3. Mainstream Media Coverage

  • Mainstream media journalists covering the protest in Ottawa were yelled at, spat on and had to have their own security detail. I sat in on a Twitter Space conversation (like an audio town hall) with journalists across the country, talking about media coverage. It had some uncomfortable conversations about women/BIPOC and safety, people of colour and their access to/trust in law enforcement, the lack of any news coverage in small communities in Canada (because of downsizing of the conglomerates) among other fascinating topics discussed by journalists from coast to coast.

  • One thing I saw that was both horrifying and made me think was when a female who identified as a journalist with Rebel News, got hit with a wooden baton at the very front of the line of police and protesters in Ottawa, a line that law enforcement was trying to secure. Many warnings had been issued previously. The woman was in the middle of it, along with the protesters. She was hurt and it was heartbreaking to watch. What was she doing there? All of the mainstream media reporters were away from the protestors and their cameras were posted at a distance to cover the protest areas. It gave me pause. She is planning to sue and there was a crowdfunding campaign initiated within the hour. Should journalists be in the middle of protesters? Should they be 'embedded' in a situation like that? Here's some perspective from the Canadian Association of Journalists.

  • Media has been covering stories through a white male lens forever. Just because they add women and people of colour to the newsroom does not mean the news reports reflect what is happening through that person's experience. Media companies are owed by large corporations who are run by mostly white men. (See white supremacy)

  • People are losing trust in mainstream media.

  • Here's an interesting article about the protest coverage from the Columbia Journalism Review

4. Democracy and Our Government

  • Is there anyone who trusts politicians? Trusts them to tell the truth? Trusts them not to deflect, blame others and talk out of both sides of their mouths if they get caught in a lie? We have come to expect this from the people leading our country, our provinces and our towns.

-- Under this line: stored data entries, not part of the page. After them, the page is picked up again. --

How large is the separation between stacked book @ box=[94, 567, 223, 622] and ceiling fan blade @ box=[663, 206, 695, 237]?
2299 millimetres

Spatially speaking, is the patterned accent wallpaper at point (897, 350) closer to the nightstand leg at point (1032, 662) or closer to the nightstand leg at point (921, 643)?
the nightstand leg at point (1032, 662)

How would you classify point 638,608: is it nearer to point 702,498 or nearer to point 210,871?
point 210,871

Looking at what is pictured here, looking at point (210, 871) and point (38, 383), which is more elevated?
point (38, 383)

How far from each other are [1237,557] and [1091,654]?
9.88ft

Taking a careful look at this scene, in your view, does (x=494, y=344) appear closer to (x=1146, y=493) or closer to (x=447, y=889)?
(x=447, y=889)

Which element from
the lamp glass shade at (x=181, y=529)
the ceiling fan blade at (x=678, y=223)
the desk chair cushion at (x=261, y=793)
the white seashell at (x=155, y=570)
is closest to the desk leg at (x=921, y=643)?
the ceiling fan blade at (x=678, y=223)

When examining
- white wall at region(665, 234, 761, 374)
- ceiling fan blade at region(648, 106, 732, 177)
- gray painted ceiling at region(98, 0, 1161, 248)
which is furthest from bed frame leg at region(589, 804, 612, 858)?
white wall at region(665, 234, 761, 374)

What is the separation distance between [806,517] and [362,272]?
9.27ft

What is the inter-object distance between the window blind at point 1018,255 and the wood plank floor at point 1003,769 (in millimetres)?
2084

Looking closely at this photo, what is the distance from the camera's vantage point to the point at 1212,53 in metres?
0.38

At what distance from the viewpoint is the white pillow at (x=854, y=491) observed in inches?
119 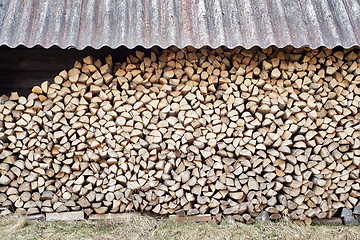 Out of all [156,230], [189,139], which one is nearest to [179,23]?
[189,139]

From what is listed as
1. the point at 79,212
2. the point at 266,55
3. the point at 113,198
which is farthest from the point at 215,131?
the point at 79,212

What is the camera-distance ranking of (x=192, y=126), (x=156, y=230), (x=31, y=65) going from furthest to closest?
(x=31, y=65), (x=192, y=126), (x=156, y=230)

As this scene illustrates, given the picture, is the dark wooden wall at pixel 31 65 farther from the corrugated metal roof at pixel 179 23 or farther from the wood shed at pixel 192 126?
the corrugated metal roof at pixel 179 23

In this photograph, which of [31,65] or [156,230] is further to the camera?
[31,65]

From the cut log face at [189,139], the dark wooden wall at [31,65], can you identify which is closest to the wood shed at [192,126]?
the cut log face at [189,139]

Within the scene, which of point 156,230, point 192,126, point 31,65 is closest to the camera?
point 156,230

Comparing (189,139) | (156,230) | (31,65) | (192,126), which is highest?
(31,65)

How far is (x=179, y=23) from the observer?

  • But that's because we live under a democratic system that is run by white men (see white supremacy) and the fact that we may have a few women and a few people of colour who are municipal leaders, mayors, MPPs, MPs, even Ministers, doesn't mean anything when the top person is always a white man (I'm talking provincial and federal now). Nothing changes if nothing changes.

  • People protested because they weren't getting what they wanted, fast enough. And they didn't trust that the government had their best interest at heart, which is the basis of what democracy is - the people who get to power, get there because we voted them in and they therefore, represent us.

  • People don't trust leaders to represent their interests anymore.

So all of these systems are being examined in unison. We are taking a hard look at each element. My biggest fear though is, that we are looking at them through only our own eyes. And for many of us, that's through the eyes of privilege.

People of colour and any marginalized group, are well aware of how the world looks to someone of privilege but are people of privilege empathetic and brave enough to look at the world through the eyes of others, of those without that privilege? Are we willing to get uncomfortable with our complicity to this point?

We are a country built on caring for one another, caring for other countries, humanitarians to the rest of the world.

I urge you to join me in looking at how you can use the privilege you have to pull others up, bring them up to stand with you and elevate them so they have a voice in the change that is imminent and unavoidable.